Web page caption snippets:

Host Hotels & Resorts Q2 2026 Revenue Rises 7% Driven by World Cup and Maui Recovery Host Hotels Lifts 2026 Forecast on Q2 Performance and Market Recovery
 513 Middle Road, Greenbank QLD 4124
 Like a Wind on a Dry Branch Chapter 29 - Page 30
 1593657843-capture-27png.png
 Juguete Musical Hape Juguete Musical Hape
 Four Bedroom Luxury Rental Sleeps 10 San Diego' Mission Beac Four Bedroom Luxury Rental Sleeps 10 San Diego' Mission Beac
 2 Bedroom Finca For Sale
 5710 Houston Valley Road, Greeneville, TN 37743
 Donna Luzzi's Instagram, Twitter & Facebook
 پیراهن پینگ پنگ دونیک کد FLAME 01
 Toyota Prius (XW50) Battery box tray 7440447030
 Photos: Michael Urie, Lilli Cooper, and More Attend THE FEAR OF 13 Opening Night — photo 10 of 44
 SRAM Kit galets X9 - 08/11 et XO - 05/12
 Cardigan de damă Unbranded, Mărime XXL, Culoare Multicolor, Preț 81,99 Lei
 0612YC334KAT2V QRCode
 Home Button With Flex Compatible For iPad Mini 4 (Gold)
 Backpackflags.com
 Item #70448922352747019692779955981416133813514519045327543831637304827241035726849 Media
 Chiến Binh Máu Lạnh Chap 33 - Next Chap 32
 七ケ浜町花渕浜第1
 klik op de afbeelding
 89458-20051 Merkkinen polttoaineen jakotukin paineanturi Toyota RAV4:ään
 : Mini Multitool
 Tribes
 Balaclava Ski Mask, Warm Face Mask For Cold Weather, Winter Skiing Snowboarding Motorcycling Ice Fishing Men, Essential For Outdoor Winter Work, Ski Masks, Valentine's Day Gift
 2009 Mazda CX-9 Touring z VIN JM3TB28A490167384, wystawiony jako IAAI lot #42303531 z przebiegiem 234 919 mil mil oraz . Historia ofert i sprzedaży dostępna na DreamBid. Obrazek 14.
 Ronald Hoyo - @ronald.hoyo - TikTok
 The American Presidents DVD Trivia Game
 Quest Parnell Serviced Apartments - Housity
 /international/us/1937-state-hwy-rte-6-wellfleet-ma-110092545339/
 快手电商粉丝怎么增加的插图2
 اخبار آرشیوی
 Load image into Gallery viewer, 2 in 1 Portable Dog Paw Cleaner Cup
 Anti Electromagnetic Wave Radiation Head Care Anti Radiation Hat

- [PROMPT] Return exactly what appears above, from the first line of the entries to the line with "Juguete Musical Hape Juguete Musical Hape", inclusive.

- [TASK RESULT]
Host Hotels & Resorts Q2 2026 Revenue Rises 7% Driven by World Cup and Maui Recovery Host Hotels Lifts 2026 Forecast on Q2 Performance and Market Recovery
 513 Middle Road, Greenbank QLD 4124
 Like a Wind on a Dry Branch Chapter 29 - Page 30
 1593657843-capture-27png.png
 Juguete Musical Hape Juguete Musical Hape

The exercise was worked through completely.